The price of silver averaged $9.69 per ounce, with an average realized price of gold of $558 per ounce during the first quarter. Hecla's President and Chief Executive Officer, Phillips S. Baker, Jr., said, "This is the start of a great year. We continue to be on track to show further operational improvements, and precious and base metals prices are now above those experienced during the first quarter and all of last year. The price of silver is in the range to really show profits while at the same time allowing significant investments in the future through exploration. Our mines are easily supplying the cash flow we need to fund this effort. Our exploration work on the Hugh Zone silver discovery in Mexico is getting more exciting as each exploration dollar is spent, and we're making good progress on the Hollister Development Block gold project, increasing the resource at Lucky Friday, further delineating the new West Gallagher zone at Greens Creek, and Venezuelan exploration is advancing targets at both La Camorra and Block B. Truly, Hecla has low-risk exploration potential as yet unrecognized by the market, as well as tremendously undervalued properties at these increased metals prices.
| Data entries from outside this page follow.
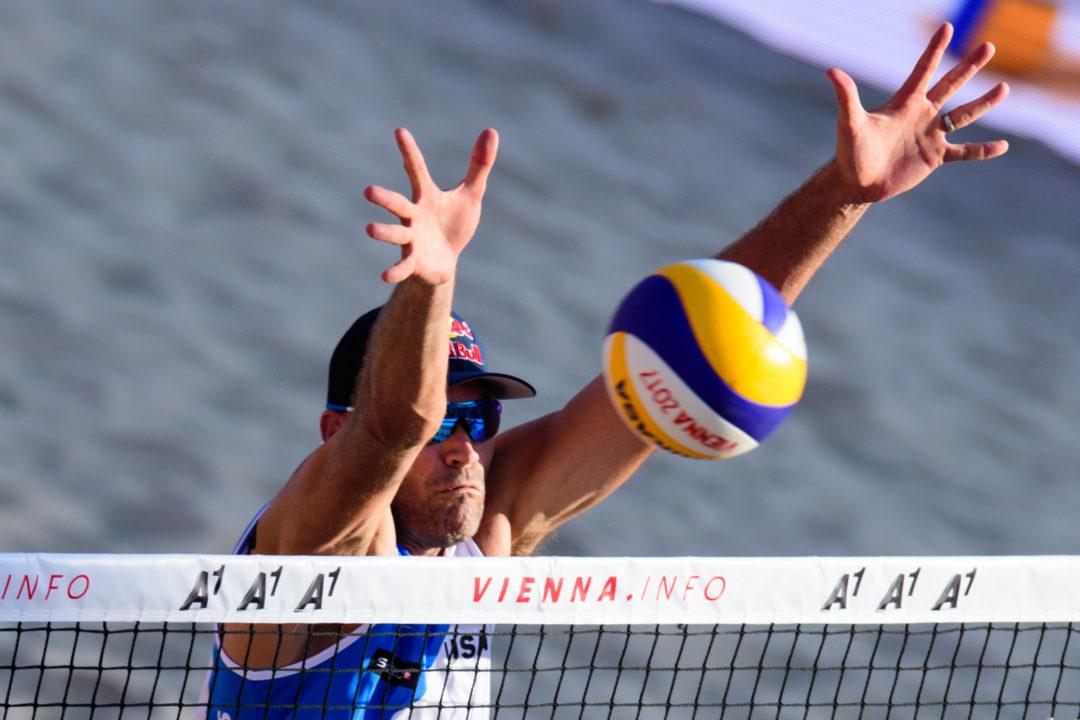 American Men Clash On Day Two Of Beach World Championships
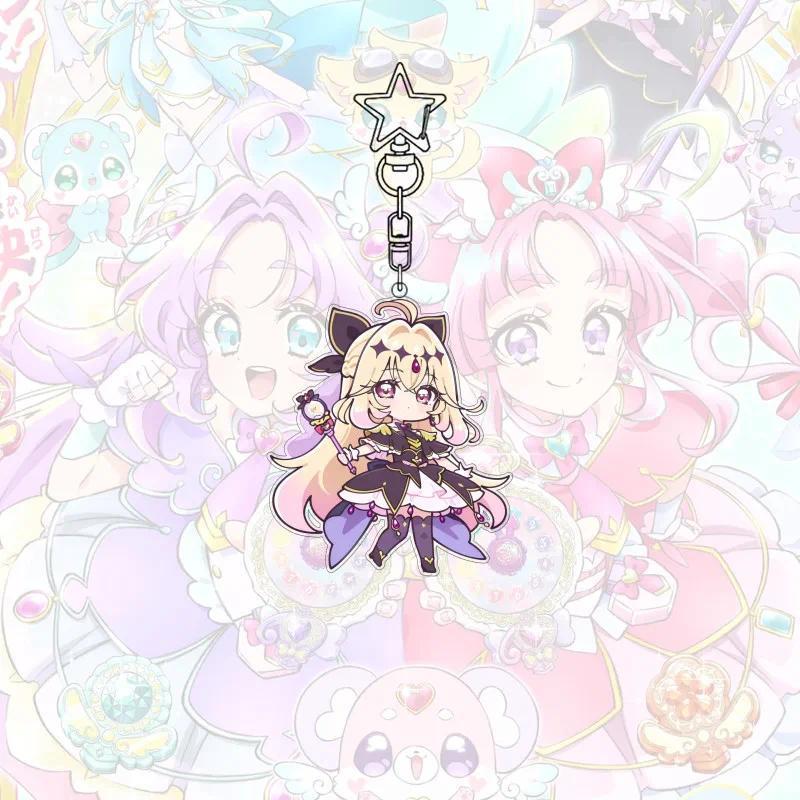Chibi Star Detective Precure Cartoon Acrylic Keychain Kawaii Girl Bag Hanging Face Decor Móc Khóa In Theo Yêu Cầu, Chất Liệu Mica Trong Suốt In 2 Mặt , Dày 4mm 14 Chibi Star Detective Precure Cartoon Acrylic Keychain Kawaii Girl Bag Hanging Face Decor Móc Khóa In Theo Yêu Cầu, Chất Liệu Mica Trong Suốt In 2 Mặt , Dày 4mm - Ảnh 14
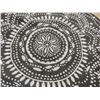 Image 2 : Outdoor Round Rug 78''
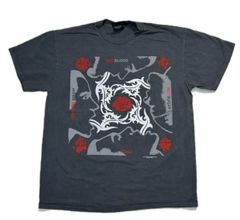 Red Hot Chili Peppers ヴィンテージTシャツ giantタグ - メルカリ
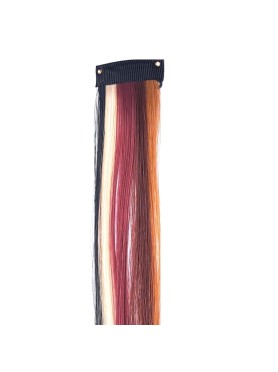 5 Colors Τουφάκι Extension για τα Μαλλιά με Clip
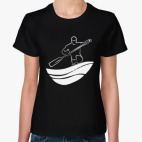 Женская футболка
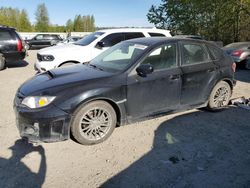 Salvage cars for sale at Arlington, WA auction: 2013 Subaru Impreza WRX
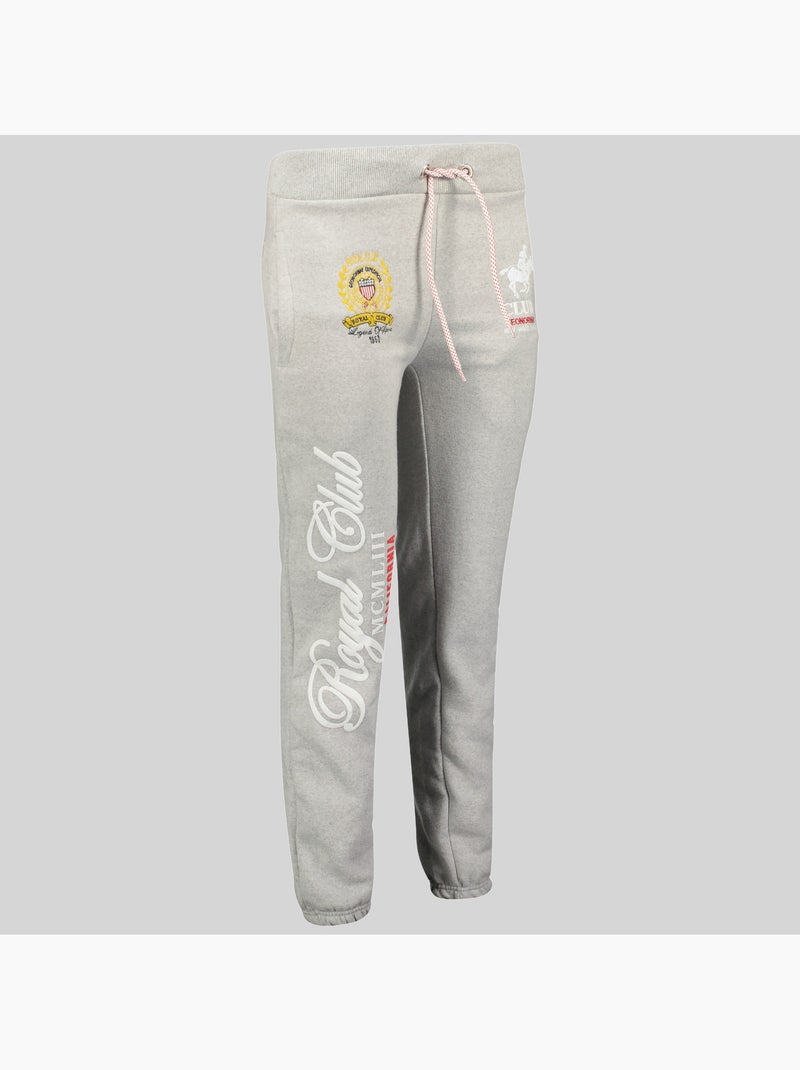 Pantaloni jogging manille – geographical norway Grigio chiaro - Kiabi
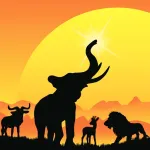 Safari Animals Simulator App Icon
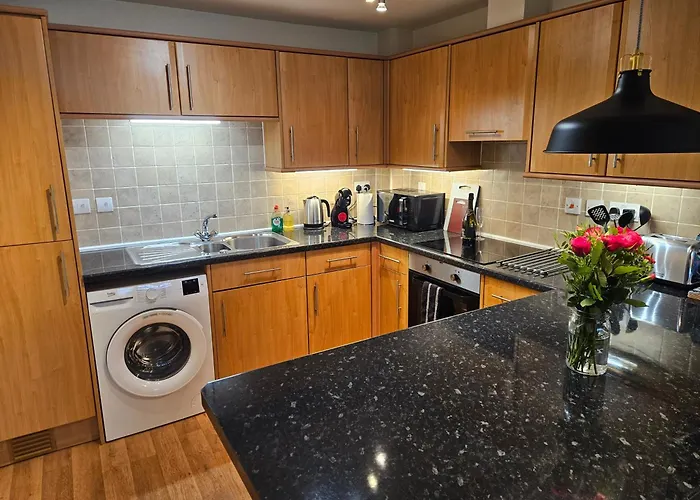 Apartamento Stunning 2 Bed Appt With Parking 5 Mins J42 M6 Carlisle (Cumbria)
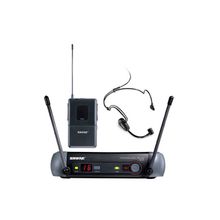 Радиосистема SHURE PGX14 PG30 двухантенная с портативным передатчиком, микрофон с оголовьем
Those factors, along with what we believe is a precious metals bull market with some legs on it, bodes well for our stock price."
FIRST QUARTER 2006 HIGHLIGHTS
-- Gross profit of $11.7 million, a 115% increase from the first quarter a year ago
-- Revenues of $39.8 million, a 63% increase from the first quarter a year ago
-- 1.2 million ounces of silver produced at an average total cash cost of $2.05 per ounce, a 21% decrease in production costs compared to the same period of 2005
-- 42,419 ounces of gold produced, a 51% quarter-on-quarter production increase, including production of 37,620 ounces from Venezuela at an average total cash cost of $357 per ounce
-- A 25% decrease in estimated silver total average cash cost for 2006 to $2.25 per ounce; estimate for total average cash cost per ounce of gold increased to a range of $350-$375
-- 38% increase in average silver price and 30% increase in average realized gold price compared to the first quarter 2005
-- The La Camorra mine reached its one-millionth ounce of production
-- Shares of Alamos Gold Inc. sold in January, generated a $35.6 million gain, net of income taxes, and $57 million in cash
-- Continued focus on exploration and pre-development, with increasing optimism toward the West Gallagher at Greens Creek in Alaska, the Hugh Zone discovery in Mexico and positive exploration drilling below the current resource at Lucky Friday in Idaho
OPERATIONS AND EXPLORATION
Overall, operations performed well during the first quarter and silver production is expected to increase during the second half of the year, as development of the 5900 level at the Lucky Friday silver mine is finished and ground rehabilitation is completed at Greens Creek. Hecla's anticipated 2006 production is approximately 6 million ounces of silver and 150,000 ounces of gold. Baker said, "Our silver operations, all U.S. based, are outperforming our previous cost per ounce estimates and last year's already low costs. Our gold operations in Venezuela are giving us great cash flow as the La Camorra Unit begins to realize the benefits of Mina Isidora, although we have increased our cash cost per ounce estimate for gold production in 2006 because of currency exchange controls, lower productivity at the La Camorra mine and royalties tied to the price of gold. We are taking a number of steps to minimize the impact of currency restrictions and to improve productivity."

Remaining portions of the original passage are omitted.